But for those battling depression and anxiety, can I talk to you about exercise? Trust me. I know! You feel like crap and don't want to move. Every step is pure torture. You just want to climb into bed and hide. I know. I do understand as when my depression starts rearing its ugly head, I lose all interest in working out. All motivation is gone. ZAP! And the end of 2017 was pure torture as every step I did take while running felt like dragging a zillion pounds. I wasn't seeing the happy results I wanted to see but don't give up. It will pass. It will. And it did for me and to be completely honest, my faith carried me and God's grace gave me a break from symptoms. Thank you!

With that said, I still do not want to undermine the value of working out for depression, anxiety, and more. Exercise has many healthy benefits for all of us, yes, even us without depression or anxiety. Check them out!

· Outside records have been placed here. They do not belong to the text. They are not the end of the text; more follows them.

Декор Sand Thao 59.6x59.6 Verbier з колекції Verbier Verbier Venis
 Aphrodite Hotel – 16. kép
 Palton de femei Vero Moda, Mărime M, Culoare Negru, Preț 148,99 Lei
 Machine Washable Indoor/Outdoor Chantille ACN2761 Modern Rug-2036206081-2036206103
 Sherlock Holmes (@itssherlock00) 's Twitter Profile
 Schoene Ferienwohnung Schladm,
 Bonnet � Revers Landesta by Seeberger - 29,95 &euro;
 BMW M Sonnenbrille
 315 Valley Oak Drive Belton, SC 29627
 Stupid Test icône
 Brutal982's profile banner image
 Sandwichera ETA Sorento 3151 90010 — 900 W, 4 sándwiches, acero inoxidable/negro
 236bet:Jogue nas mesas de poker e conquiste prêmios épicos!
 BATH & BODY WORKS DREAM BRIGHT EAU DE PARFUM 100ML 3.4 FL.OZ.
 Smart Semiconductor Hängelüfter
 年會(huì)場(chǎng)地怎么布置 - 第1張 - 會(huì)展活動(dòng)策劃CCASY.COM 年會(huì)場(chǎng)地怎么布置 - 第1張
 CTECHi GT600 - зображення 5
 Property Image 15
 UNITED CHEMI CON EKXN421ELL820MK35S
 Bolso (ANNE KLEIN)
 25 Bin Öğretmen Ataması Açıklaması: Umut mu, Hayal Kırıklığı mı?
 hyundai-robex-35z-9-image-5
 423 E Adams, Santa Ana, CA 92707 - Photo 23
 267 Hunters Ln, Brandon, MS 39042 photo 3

  • Decreases depression symptoms - establishing and sticking to a schedule helps you reap the most benefits and when you are exercising, your mind may get a break from depressive thoughts
  • Alleviates anxiety - the repetitive movements and thoughts of exercise can ease the anxious thoughts especially when you can focus on the wind on your face, etc. while you work out
  • Reduces stress - stress makes you tense and regular exercise can flush out the tension and get your blood flowing…and happier thoughts flowing
  • Reduces ADHD symptoms - physical activity boosts dopamine, norepinephrine, and serotonin levels and this affects focus and attention - things that can reduce ADHD symptoms as well as depression, anxiety, and stress
  • Helps get you "unstuck" from PTSD and trauma - especially true for exercises that include cross body movements where you totally engage your mind in what it is doing and how your body is feeling
  • Helps heal brain from substance abuse - exercise can provide another avenue to deal with what may lead you to substance abuse or an outlet to do something different 
  • Improves learning ability - with a more alert mind, you are able to retain what you are reading better so why not try to read something while logging some miles on the treadmill
  • Boosts self esteem - nothing is more fulfilling than the sense the satisfaction you get after nailing a good workout or getting up early to workout 
  • Improves mood - this goes hand in hand with self esteem but it can also be the boost in mood to get out of grouchies after a long day and personally, it helps me be a better, more calm mom
  • Increases energy - yes, working out can increase your energy levels even when you feel too tired to work out 
  • Improves sleep - as long as you don't do a huge energy boosting workout right before bed time, the added physical activity in your life will help make you sleep more peacefully through the night
  • Reduces weight - as long as you don't follow each workout with calorie dense foods, you can stay a little slimmer with a regular workout program but be sure to vary your workouts as your body is pretty amazing at learning and adapting to allow it to work more easily
  • Improves your health - doctors say get moving for a good reason and who wouldn't want to decrease their cholesterol or improve their cardiovascular health
Y'all, it works!

And I am a work in progress and not every day is a 5 star amazing day. Tuesday was a tough day. I ran just a mile before work and at work I found out a dear friend's cancer moved into his bones. It broke my heart. It made me a bit angry about all those impacted my cancer in my life. Way too many. By the time I picked up darling daughter I was a grumpy momma and that workout I planned to do after work, I did not want to do. I wanted to take a bath, put on my pj's, and climb into bed for the rest of the night. My inner child was pouting and stomping her feet but....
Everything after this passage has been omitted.